**Exercise details**
Report every line of the records below that contains the word "Statue".
*** Opening Records provided ***
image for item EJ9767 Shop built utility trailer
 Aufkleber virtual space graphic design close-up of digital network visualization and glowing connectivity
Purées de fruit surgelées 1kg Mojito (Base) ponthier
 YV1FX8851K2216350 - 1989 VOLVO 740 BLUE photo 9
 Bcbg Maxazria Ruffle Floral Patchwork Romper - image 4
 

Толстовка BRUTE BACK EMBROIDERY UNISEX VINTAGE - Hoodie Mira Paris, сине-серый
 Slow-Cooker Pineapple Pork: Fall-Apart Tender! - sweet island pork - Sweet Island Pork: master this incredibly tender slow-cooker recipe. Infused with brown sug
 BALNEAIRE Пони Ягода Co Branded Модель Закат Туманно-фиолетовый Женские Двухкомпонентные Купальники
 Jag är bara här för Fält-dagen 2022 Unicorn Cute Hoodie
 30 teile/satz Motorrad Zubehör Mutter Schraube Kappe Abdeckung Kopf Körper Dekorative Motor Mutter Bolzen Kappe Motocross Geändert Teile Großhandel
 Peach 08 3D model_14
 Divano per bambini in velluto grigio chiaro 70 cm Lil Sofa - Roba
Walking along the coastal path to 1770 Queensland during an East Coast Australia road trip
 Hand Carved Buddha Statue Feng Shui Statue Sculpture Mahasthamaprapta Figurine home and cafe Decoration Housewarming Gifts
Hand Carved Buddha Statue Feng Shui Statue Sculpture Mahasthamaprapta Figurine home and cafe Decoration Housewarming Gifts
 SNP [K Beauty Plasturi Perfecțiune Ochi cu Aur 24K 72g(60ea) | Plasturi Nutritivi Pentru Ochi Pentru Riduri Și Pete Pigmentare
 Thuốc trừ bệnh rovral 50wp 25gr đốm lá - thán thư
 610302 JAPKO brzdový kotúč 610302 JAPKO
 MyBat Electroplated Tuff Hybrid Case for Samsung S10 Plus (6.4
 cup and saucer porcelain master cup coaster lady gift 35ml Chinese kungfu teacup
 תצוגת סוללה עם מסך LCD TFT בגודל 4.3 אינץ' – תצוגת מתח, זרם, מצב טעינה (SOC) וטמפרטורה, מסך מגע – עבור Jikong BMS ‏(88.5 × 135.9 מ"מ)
*** Closing Records provided ***
**Finished task**
 Hand Carved Buddha Statue Feng Shui Statue Sculpture Mahasthamaprapta Figurine home and cafe Decoration Housewarming Gifts
Hand Carved Buddha Statue Feng Shui Statue Sculpture Mahasthamaprapta Figurine home and cafe Decoration Housewarming Gifts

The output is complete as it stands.